__Your objective__
The reply should match the listing below character for character, except that no image is carried over.
-- Provided material follows --
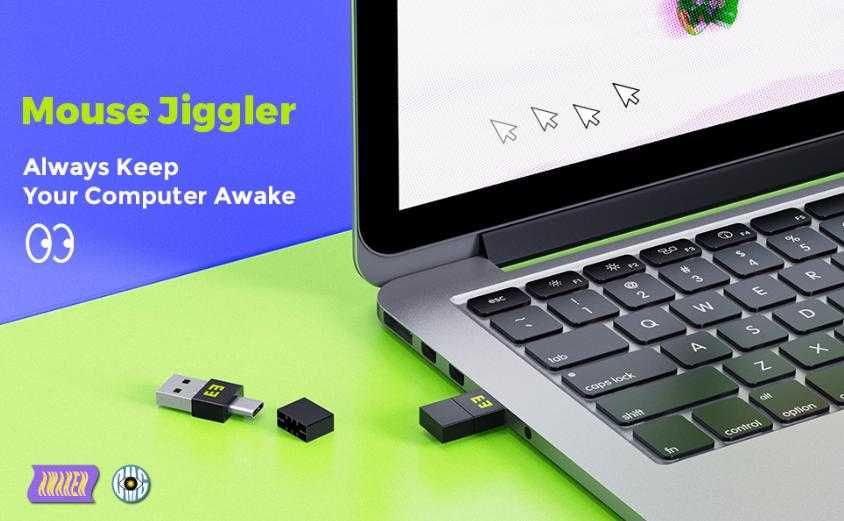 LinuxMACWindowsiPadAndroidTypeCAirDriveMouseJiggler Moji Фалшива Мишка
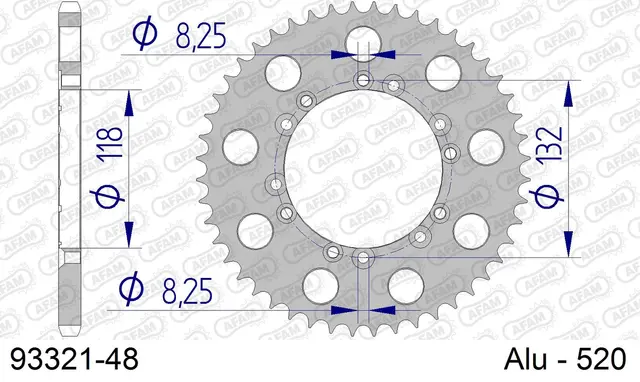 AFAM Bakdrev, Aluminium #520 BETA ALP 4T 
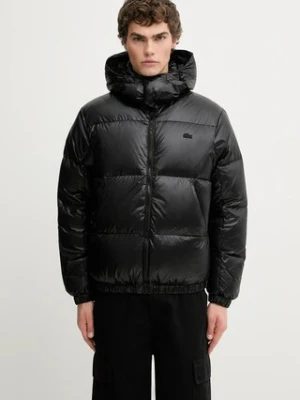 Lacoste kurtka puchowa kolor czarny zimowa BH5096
-- Provided material concluded --
__Output of the exercise__
 LinuxMACWindowsiPadAndroidTypeCAirDriveMouseJiggler Moji Фалшива Мишка
 AFAM Bakdrev, Aluminium #520 BETA ALP 4T 
 Lacoste kurtka puchowa kolor czarny zimowa BH5096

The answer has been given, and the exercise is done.